The Unsecured Promissory Note matures on May 19, 2026. Interest is payable at 14.0% per annum on a quarterly cycle (in arrears) beginning March 31, 2023. The Company may elect to pay interest 6.0% in kind and 8.0% in cash, but if the terms of the Subordination Agreement do not permit the Company to pay interest in cash, interest will be paid entirely in-kind. Accrued interest was $0.1 million at December 31, 2022.

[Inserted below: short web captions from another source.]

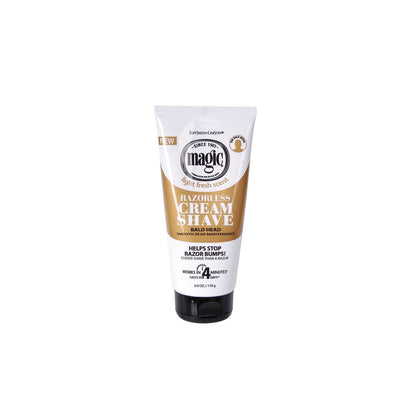 MAGIC SHAVE CREAM SMOOTH     6Z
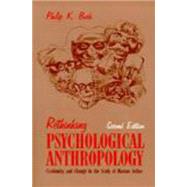 Rethinking Psychological Anthropology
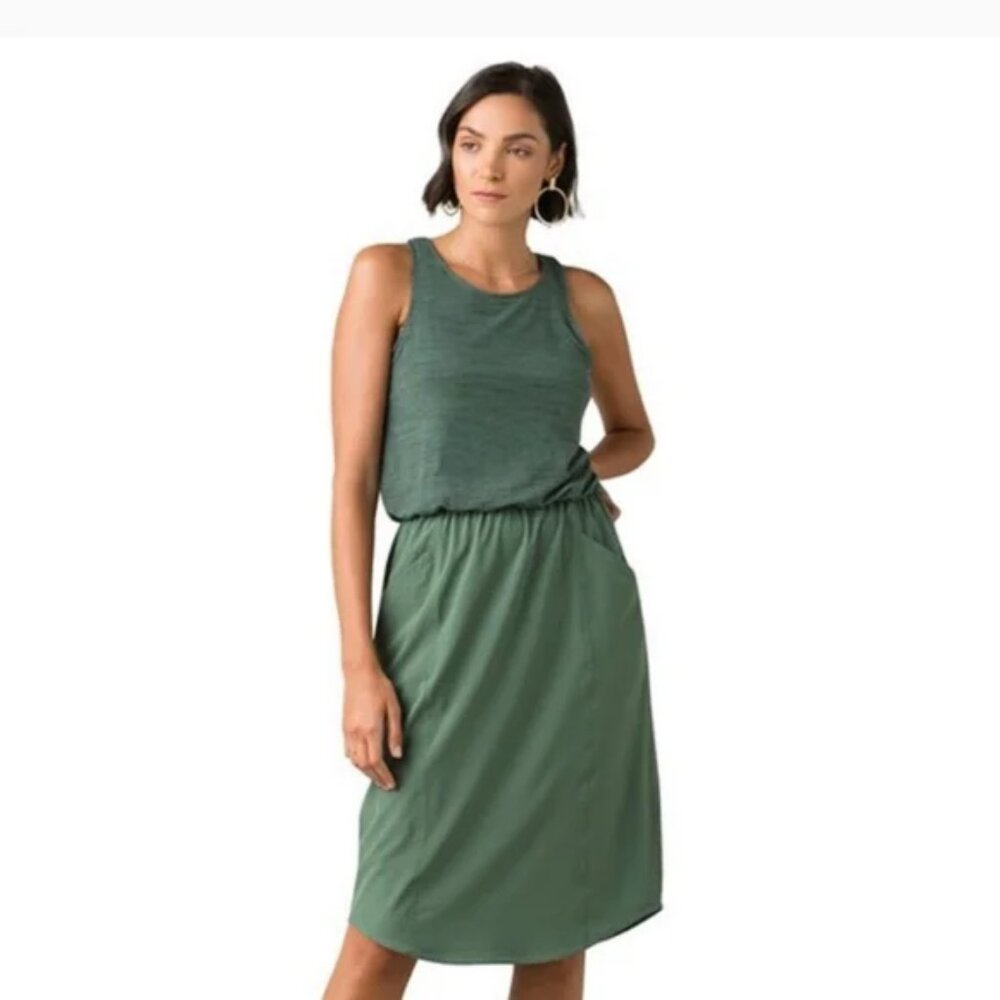Prana Buffy Dress NWT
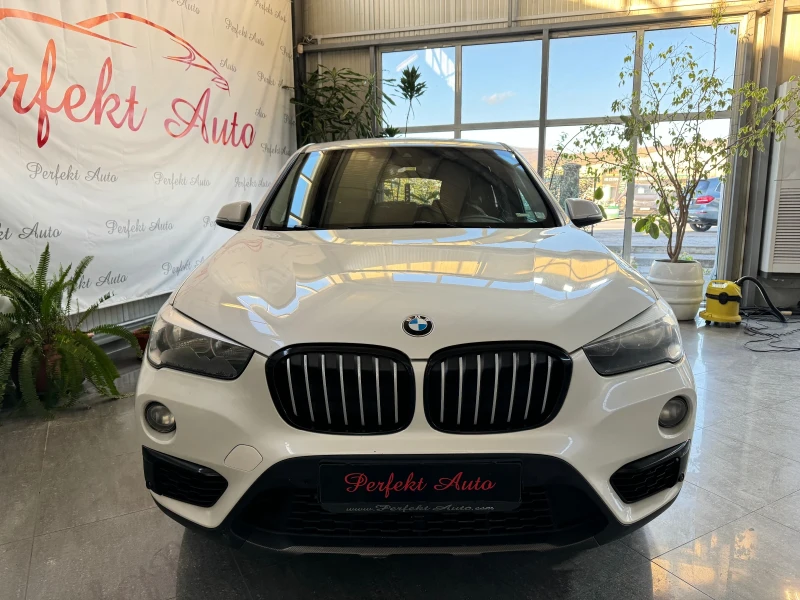 BMW X1 20d xDrive, снимка 2 - Автомобили и джипове - 48891286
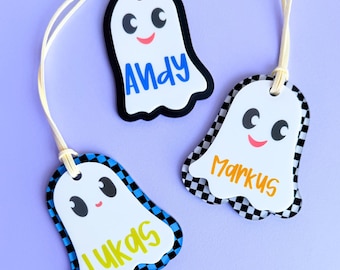 KEYCHAINS AND TAGS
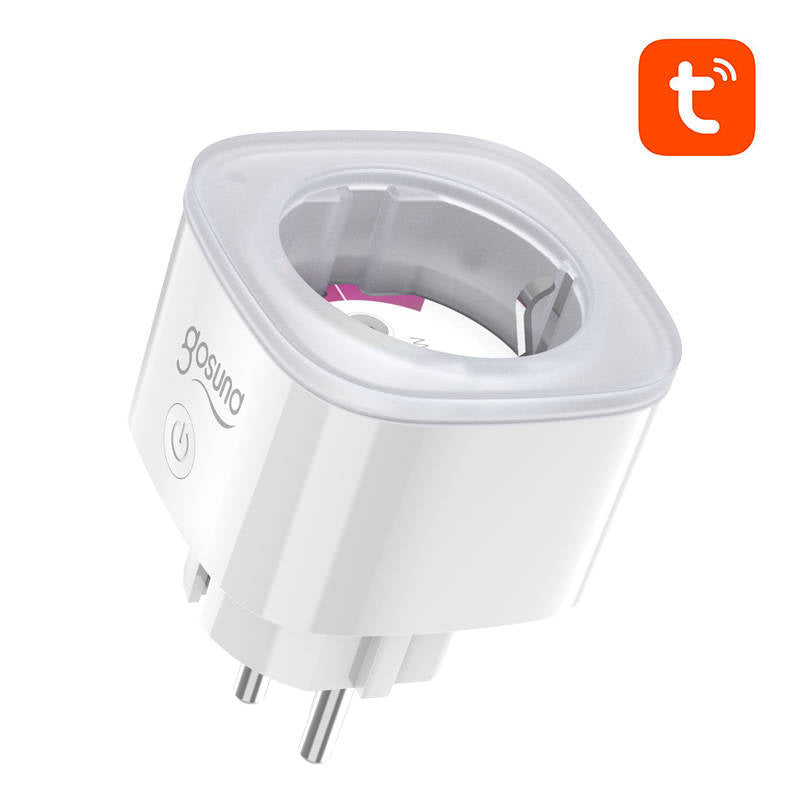 Gosund EP8 smart WiFi-stik 16A Tuya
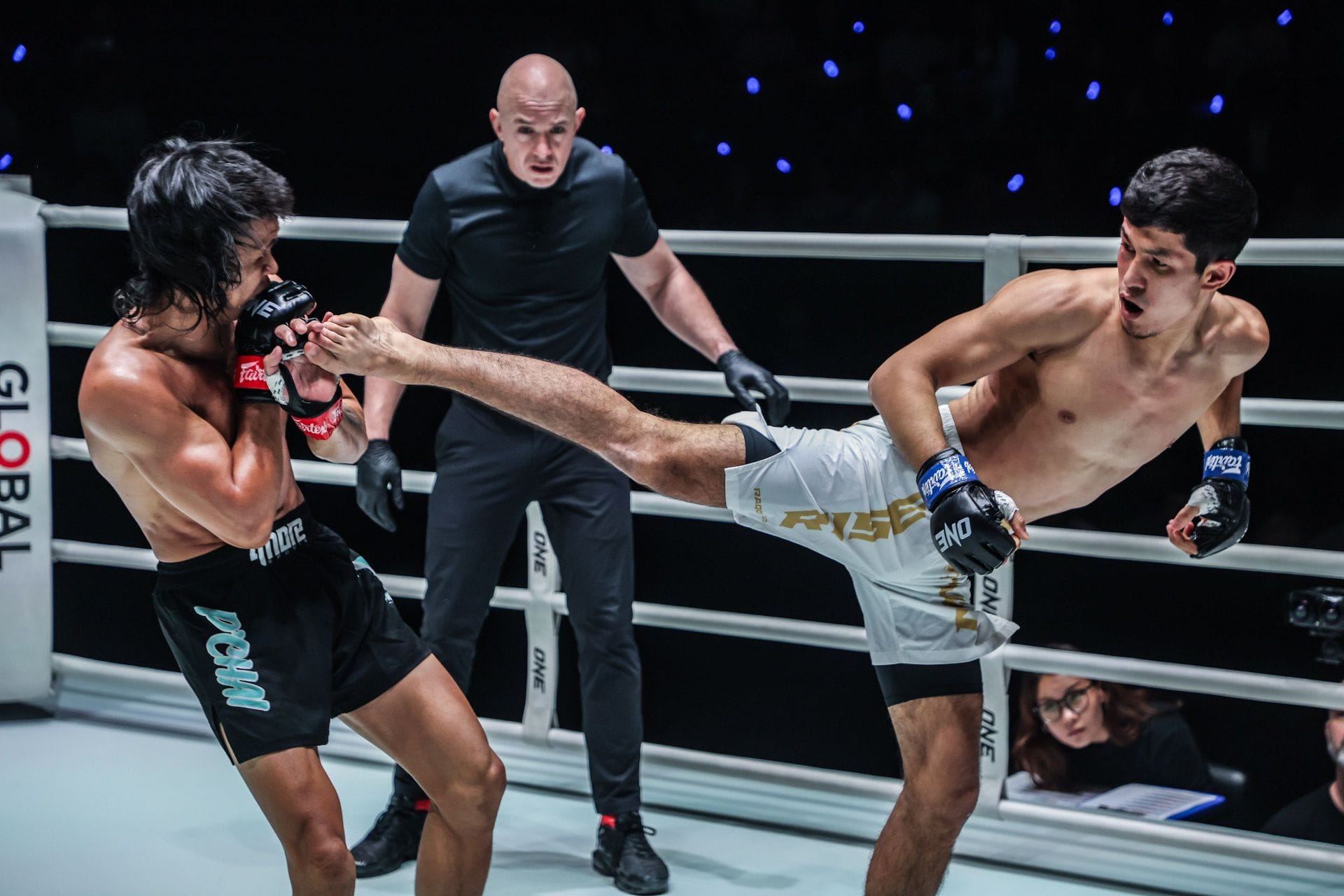 Check out highlights from the wild ONE Fight Night 38 over the weekend in Bangkok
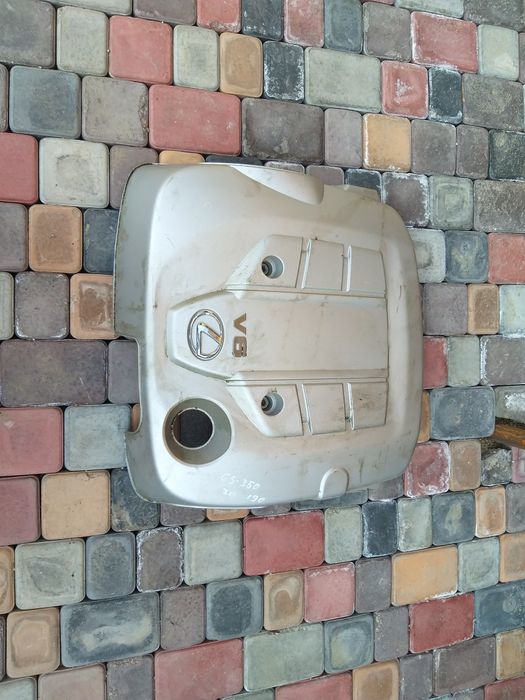 Декор крышка двигателя 3.0 3GR Lexus GS300 кузов 190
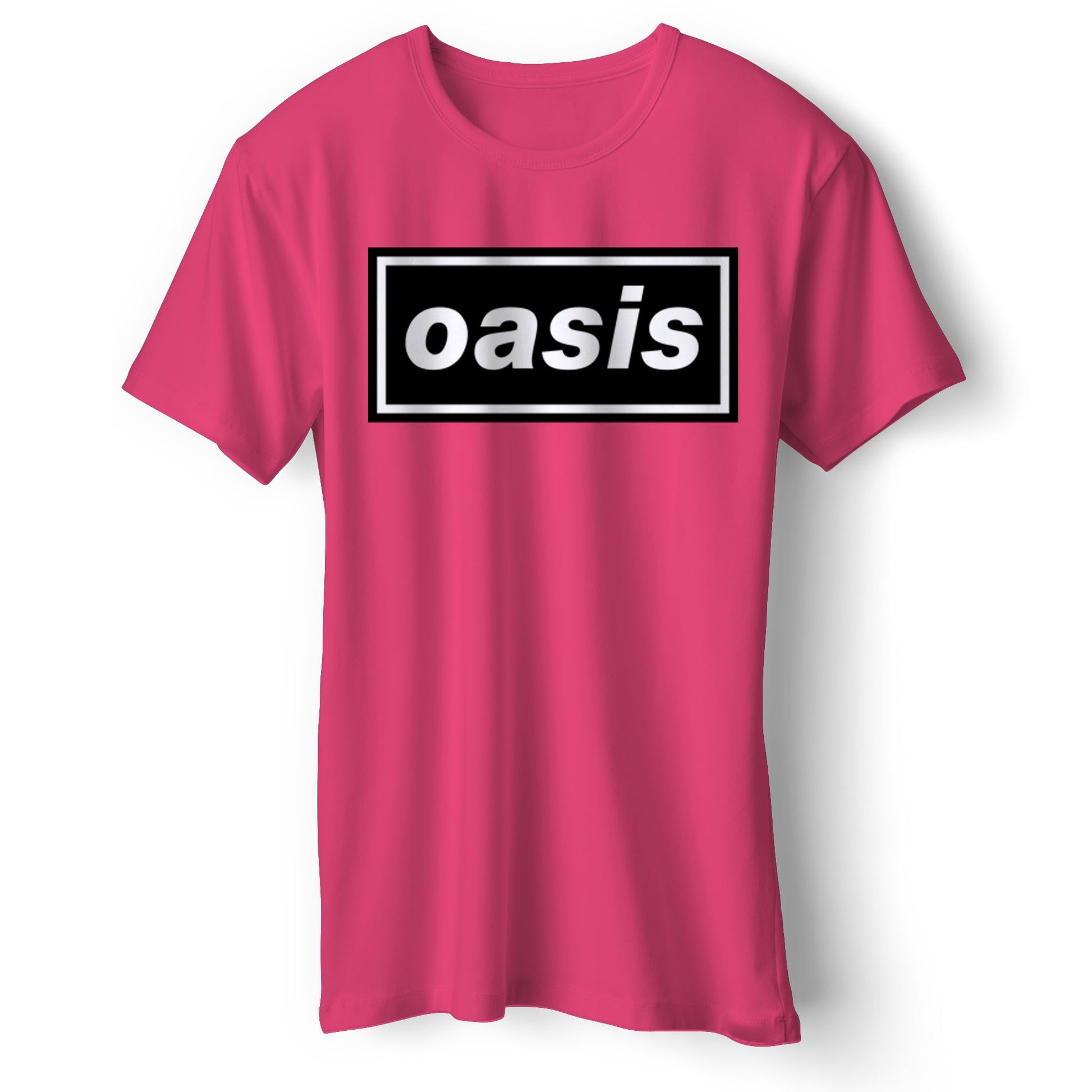 Oasis Band T Shirt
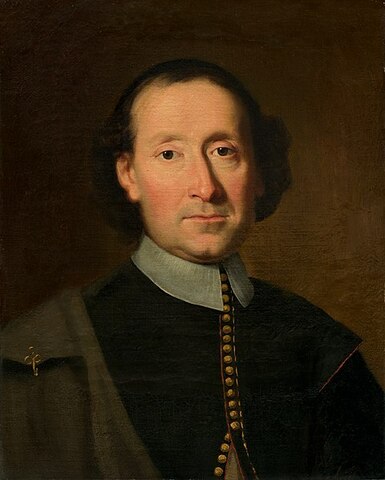 Adriaen Cornelissen van der Donck (1618 – 1655)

The Company will pay VGS a back-end fee at the time the Unsecured Promissory Note is paid as follows: (i) if paid from March 1, 2023 through June 30, 2023, 4.5%; (ii) if paid from July 1, 2023 through December 31, 2023, 6.75%; and (iii) if paid on January 1, 2024 or later, 9.0%. The Unsecured Promissory Note may be prepaid, at the Company’s option, either in whole or in part, without penalty or premium, at any time and from time to time, subject to the payment of the back-end fee; provided that prepayments must be in increments of at least $2.0 million.

The Unsecured Promissory Note restricts the Company’s ability and the ability of its subsidiaries to, among other things, incur indebtedness and liens, and make investments and restricted payments. The maturity date may be accelerated as a remedy under the certain default provisions in the agreement, or in the event a mandatory prepayment event occurs.

As of December 31, 2022, long-term debt maturities are as follows:

2023

    

$

2024

 

2025

 

65,000

2026

 

30,000

95,000

Less: unamortized debt issuance costs and original issue discount

(579)

$

94,421

Short-Term Debt

In 2021, the Company entered into short term financing agreements totaling $3.7 million for the funding of certain insurance policies. The terms of the agreements ranged from nine to 10 months and the weighted average annual interest rate was 2.6%. The debt was repaid during the third quarter of 2022.